По мере того как городская жизнь становится все призрачнее, вода в каналах становится все прозрачнее. В солнечный день в часы отлива видно дно. Любой художник позавидует этим переливам зелено-лазоревой акварели. Исчезли такси и моторки, не заходят в лагуну гигантские монстры-лайнеры, отравляющие воду, как тысячи машин, да и простыми лодками пока пользоваться запрещено. Во-первых, выход из дому требует веской причины. Но главное не в этом. В случае аварии или каких-то проблем город не может гарантировать выезд скорой. Нужно экономить ресурсы. Впрочем, венецианцы не отчаиваются и перенесли занятия греблей и туры на дом. Гондола-вирус должен победить нынешний – утешают они себя и гребут швабрами у себя на кухне, дабы не потерять сноровку.
Постепенно люди если не привыкают к заточению, то стараются найти форму жизни и повод для радости. Пение из окон в шесть вечера становится национальной традицией. А известный писатель, знаток историй и венецианских легенд Альберто Тозо Фей затеял проект “Венецианский Декамерон” и каждый вечер перед сном радует нас очередным рассказом.
Вчерашняя легенда была о рыбаке, который женился на русалке. Я слушаю его и пытаюсь мысленно увидеть нас всех вместе, приподнять черепичные крыши и заглянуть внутрь кукольных домиков, где, устроившись под одеялами, большие, молодые и старые дети слушают сказку на ночь, прильнув к своим планшетам и телефонам.

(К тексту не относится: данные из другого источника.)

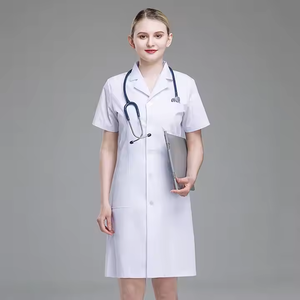 Logo Oem di alta qualità personalizzato manica lunga manica corta cotone medico medico ospedale donna <span class=keywords><strong>camice</strong></span> bianco da laboratorio - Product Image 3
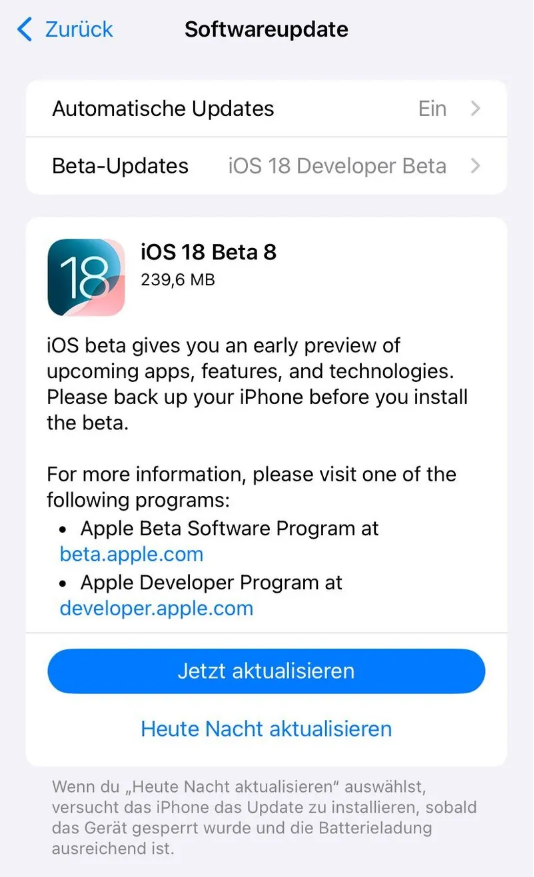 白朗苹果手机维修分享苹果 iOS / iPadOS 18 开发者预览版 Beta 8 发布 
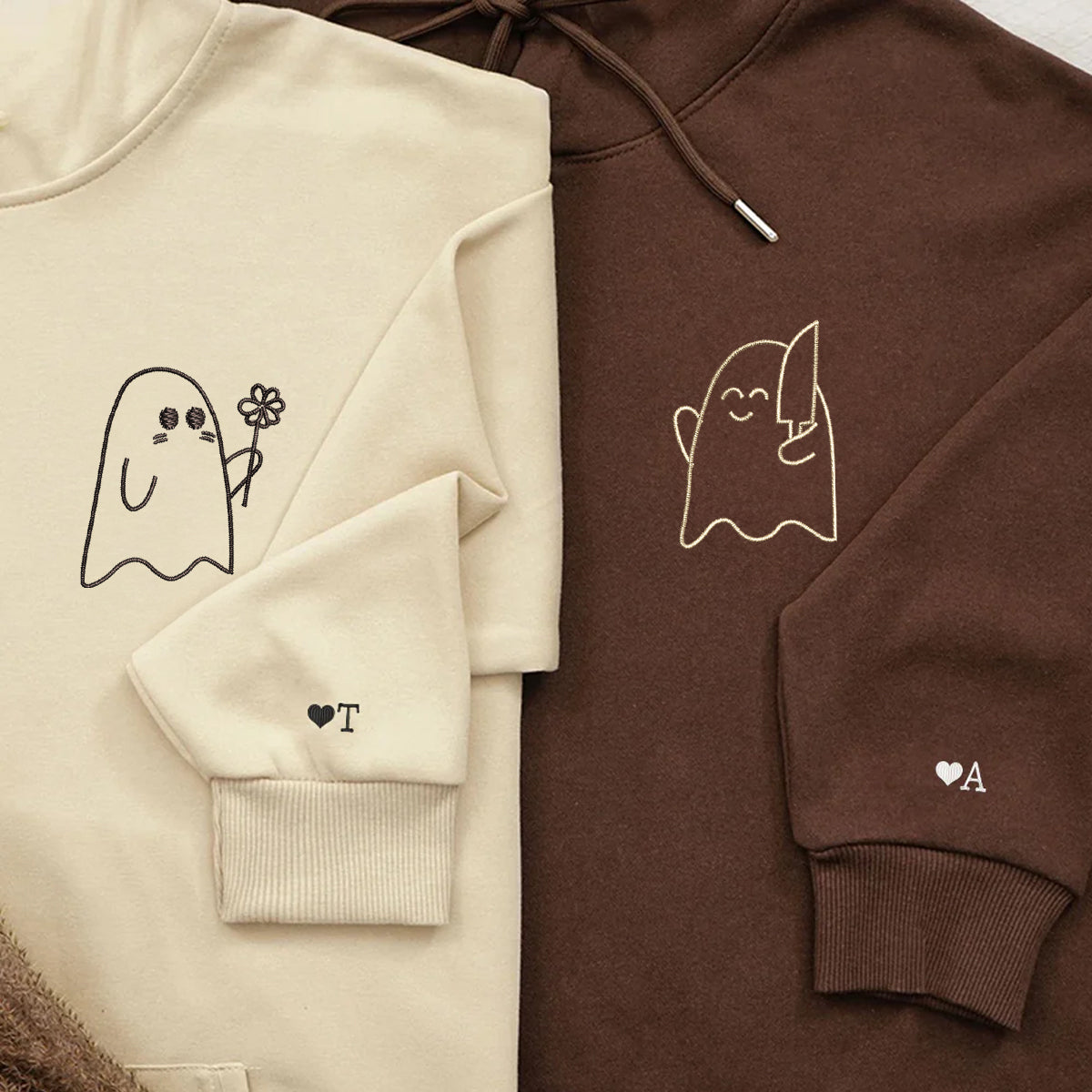 Custom Embroidered Lovely Sheet Ghost Matching Hoodies for Couples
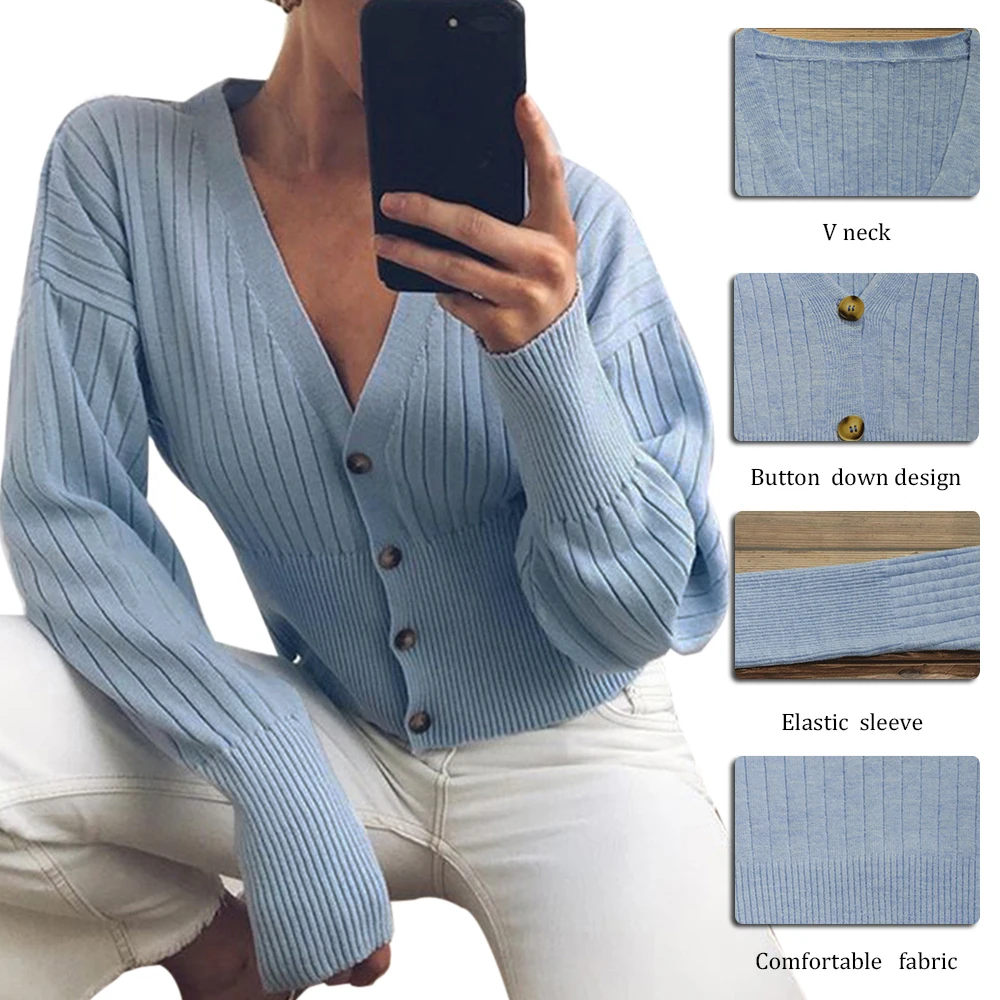 

Women Loose sweater coat Pink Knitted Sweater Sexy V Neck Button Winter Girls Long Sleeve Outerwear Knitted Top Casual Knitwear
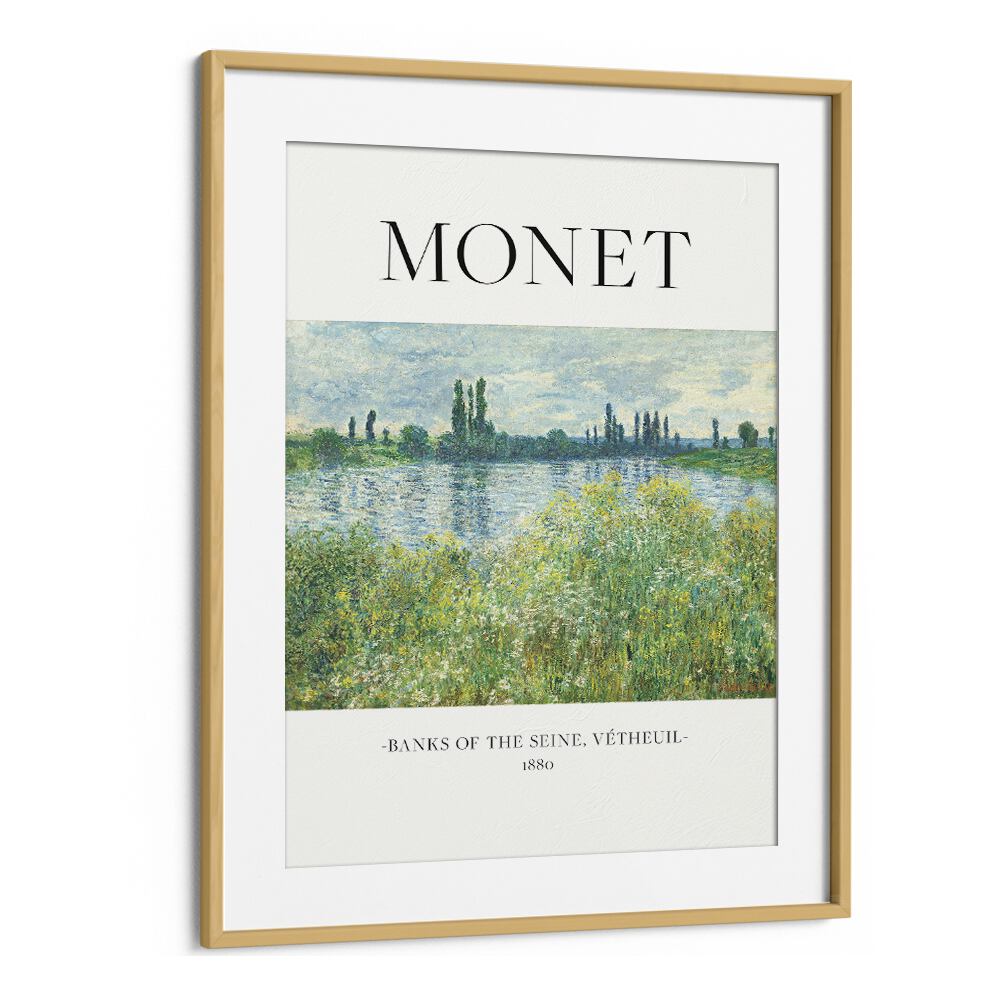 Impressionist Serenity claude Monet's Banks Of The Seine Claude Monet art painting Artwork in Oak Wood Frame With Mount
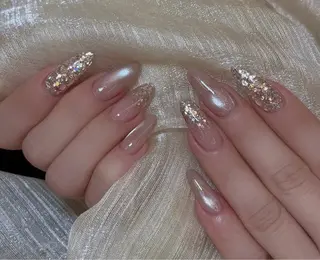 ネイル Kaka_ パラジェル、長さだしのネイルデザイン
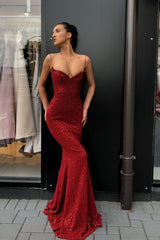 Mermaid V-neck Spaghetti Strap Floor Length Paillette Prom Dress-Ballbella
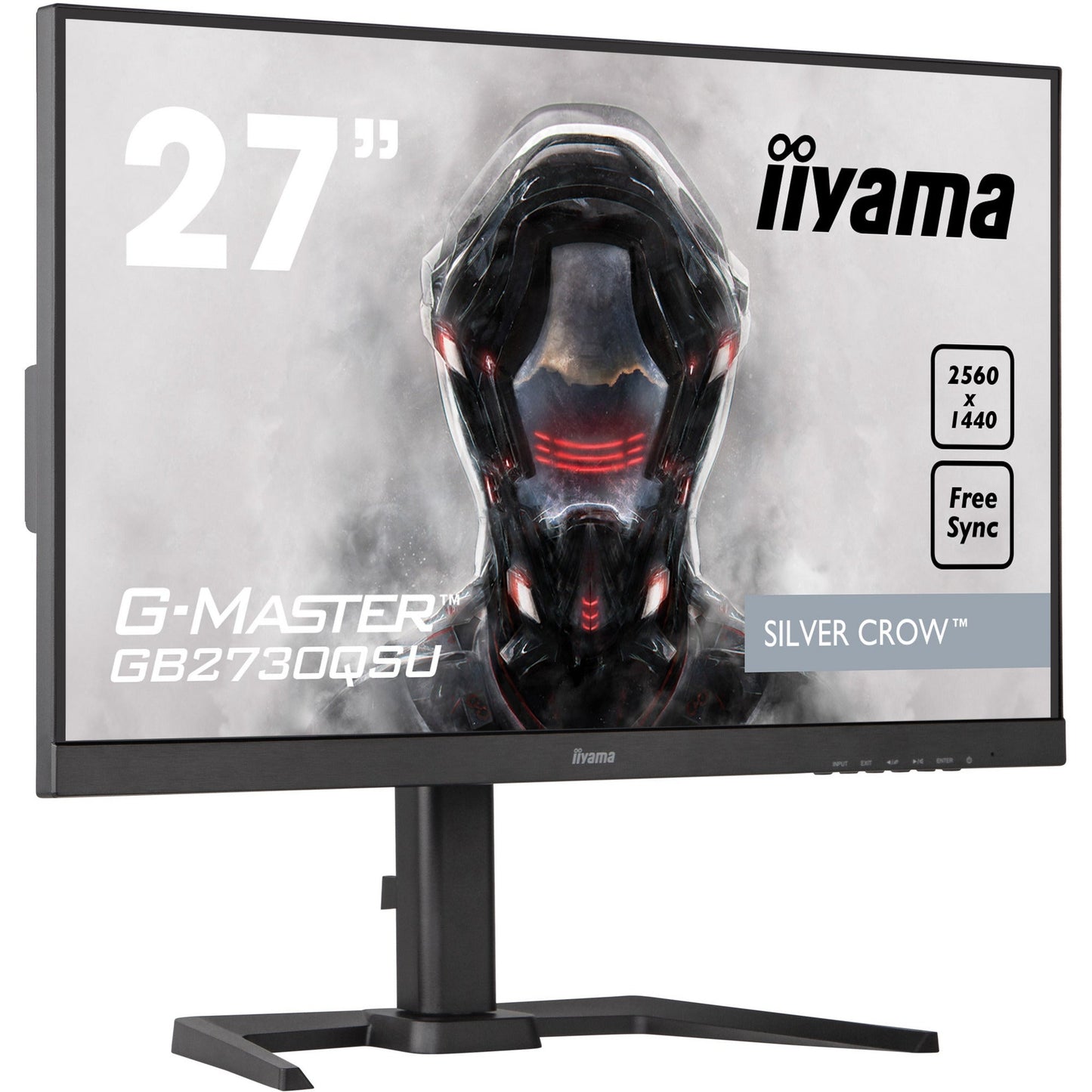 Dark Slate Gray iiyama ProLite GB2730QSU-B5 27" 2560x1440 1ms Silver Crow Gaming Monitor with Height Adjust Stand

К вечеру наша неутомимая охранная грамота с ушами и хвостом заболела. Нет, этим вирусом собаки не болеют, но утром, когда я дописываю эти вчерашние хроники, мы уже вооружились autocertificazione и отправляемся к ветеринару, надеясь на лучшее. Кажется, защемил спину. У длинных собак бывает.
По мосту впереди меня идет маленький мальчик. Он тоже ведет на поводке… свою плюшевую собачку.
Andrà tutto bene.
Конечно.
Но как же хочется, чтоб это увидели и бабушка, и дедушка, и вся семья этого мальчика. И их друзья. И друзья друзей.
Только за один сегодняшний день в Италии вирус унес 368 неповторимых жизней.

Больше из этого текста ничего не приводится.